A discussion on another thread (on quilts) got me thinking about what I consider one of the least understood, most mythologized aspects of antebellum America, the Underground Railroad.
I have harbored a suspicion for a long time that the Underground Railroad is the American equivalent of the French Resistance. That is, I believe that it was a very small organization which, once the fighting was all done and the results clear, "grew" exponentially in the popular mind.
A perfect example-- Try to think of a pre-1860 house north of the Mason-Dixon Line (and some south of it, I am sure) that DOESN'T claim that the root cellar/closet/storeroom was a hiding place for escaped slaves. My particular favorite in this realm is the Lockwood-Mathews Mansion in Norwalk, Connecticut. My tour guide proudly told us that the closet in the front hall was used for hiding escaped slaves. Date of the construction for the house? Begun in 1864, completed 1868.
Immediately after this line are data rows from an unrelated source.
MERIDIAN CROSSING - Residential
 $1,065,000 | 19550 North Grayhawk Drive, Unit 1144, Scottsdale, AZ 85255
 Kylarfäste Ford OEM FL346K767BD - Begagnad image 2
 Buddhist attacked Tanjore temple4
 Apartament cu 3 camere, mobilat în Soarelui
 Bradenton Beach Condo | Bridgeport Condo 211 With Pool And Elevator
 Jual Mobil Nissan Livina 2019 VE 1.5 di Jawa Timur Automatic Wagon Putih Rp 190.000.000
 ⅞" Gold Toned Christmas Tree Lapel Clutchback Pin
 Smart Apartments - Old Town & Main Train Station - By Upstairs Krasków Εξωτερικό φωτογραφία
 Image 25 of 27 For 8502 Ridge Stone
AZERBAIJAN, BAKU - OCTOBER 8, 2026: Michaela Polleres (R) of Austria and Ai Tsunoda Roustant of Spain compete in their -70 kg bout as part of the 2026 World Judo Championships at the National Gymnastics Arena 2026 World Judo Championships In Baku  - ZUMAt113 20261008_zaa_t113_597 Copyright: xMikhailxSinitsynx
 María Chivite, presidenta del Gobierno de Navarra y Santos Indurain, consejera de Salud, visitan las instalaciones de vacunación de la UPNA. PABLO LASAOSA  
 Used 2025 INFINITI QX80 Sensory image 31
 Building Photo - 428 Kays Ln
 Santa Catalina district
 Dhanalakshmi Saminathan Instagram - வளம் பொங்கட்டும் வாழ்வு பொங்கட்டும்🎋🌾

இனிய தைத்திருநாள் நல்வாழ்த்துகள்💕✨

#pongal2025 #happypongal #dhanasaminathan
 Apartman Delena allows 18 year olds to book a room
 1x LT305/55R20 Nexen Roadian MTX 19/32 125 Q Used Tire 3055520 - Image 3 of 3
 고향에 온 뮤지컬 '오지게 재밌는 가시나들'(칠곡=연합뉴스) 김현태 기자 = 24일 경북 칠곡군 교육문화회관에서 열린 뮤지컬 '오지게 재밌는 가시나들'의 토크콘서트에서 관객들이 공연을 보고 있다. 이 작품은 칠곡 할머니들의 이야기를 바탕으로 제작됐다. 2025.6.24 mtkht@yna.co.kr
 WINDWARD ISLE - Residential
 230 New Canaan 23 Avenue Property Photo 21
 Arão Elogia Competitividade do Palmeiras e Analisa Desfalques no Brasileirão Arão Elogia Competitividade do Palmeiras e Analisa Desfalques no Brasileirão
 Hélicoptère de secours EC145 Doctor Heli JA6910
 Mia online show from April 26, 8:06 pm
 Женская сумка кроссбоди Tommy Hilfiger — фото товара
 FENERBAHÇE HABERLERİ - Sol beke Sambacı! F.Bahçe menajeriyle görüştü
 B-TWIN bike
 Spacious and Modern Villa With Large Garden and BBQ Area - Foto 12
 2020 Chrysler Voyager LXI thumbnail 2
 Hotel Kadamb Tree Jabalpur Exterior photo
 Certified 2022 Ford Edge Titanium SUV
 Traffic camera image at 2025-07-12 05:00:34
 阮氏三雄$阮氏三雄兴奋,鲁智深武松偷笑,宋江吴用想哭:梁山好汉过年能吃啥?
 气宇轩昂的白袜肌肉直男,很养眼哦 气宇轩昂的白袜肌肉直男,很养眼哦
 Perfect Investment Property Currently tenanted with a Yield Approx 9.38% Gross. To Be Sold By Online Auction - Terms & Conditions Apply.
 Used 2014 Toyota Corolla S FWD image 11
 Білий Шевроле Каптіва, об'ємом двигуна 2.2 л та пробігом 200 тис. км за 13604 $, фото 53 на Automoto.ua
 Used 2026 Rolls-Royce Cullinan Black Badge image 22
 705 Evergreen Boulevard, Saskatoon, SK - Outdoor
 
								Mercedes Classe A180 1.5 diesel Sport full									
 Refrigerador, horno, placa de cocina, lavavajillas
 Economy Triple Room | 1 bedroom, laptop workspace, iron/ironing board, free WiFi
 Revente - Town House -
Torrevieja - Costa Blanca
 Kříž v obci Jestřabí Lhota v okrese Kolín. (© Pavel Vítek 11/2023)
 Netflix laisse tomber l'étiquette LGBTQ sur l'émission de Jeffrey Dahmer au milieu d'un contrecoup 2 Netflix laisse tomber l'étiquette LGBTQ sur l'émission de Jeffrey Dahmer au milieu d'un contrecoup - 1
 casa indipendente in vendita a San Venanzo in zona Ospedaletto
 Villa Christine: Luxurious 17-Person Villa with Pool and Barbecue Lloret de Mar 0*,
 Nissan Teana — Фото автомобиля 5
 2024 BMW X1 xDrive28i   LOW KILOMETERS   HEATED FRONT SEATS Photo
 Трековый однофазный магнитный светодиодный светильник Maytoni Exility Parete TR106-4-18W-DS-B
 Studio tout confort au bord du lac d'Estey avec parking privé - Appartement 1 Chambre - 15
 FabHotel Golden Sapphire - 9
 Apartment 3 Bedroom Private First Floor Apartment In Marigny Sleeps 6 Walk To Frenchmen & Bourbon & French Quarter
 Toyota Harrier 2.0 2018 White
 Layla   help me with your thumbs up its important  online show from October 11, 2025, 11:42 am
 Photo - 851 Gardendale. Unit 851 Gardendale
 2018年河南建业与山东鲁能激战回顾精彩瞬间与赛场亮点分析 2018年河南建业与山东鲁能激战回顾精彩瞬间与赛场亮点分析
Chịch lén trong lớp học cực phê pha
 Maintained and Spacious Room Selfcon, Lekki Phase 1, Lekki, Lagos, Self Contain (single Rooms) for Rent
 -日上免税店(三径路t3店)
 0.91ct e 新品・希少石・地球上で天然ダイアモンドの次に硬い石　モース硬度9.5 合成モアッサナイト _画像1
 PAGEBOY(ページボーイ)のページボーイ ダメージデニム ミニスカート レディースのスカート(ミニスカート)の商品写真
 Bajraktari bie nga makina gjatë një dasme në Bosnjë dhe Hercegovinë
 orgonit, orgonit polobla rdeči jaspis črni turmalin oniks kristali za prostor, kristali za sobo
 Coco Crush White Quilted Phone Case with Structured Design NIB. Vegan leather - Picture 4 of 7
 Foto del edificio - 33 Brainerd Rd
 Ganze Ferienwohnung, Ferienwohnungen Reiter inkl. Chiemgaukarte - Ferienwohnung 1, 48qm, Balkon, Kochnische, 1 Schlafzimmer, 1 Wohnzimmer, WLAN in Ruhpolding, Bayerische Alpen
If even a fair portion of these sites were truly used for helping fugitive slaves then I suppose the south would have been stripped of enslaved laborers long before hostilities were commenced.
I think the Underground Railroad loomed so large in our national conciousness because of residual guilt. Just as most Frenchmen did not actively oppose the Nazis during the occupation, most Americans did not actively assist in the flight of slaves in antebellum America.
This being my thought, can anyone recommend a good resource for me to consult to get some concrete numbers on the Underground Railroad? I am a bit gun-shy, as my hometown historical society undertook a study of local involvement in the Underground Railroad that ended up being a heady mix of lore, guesswork and wishful thinking.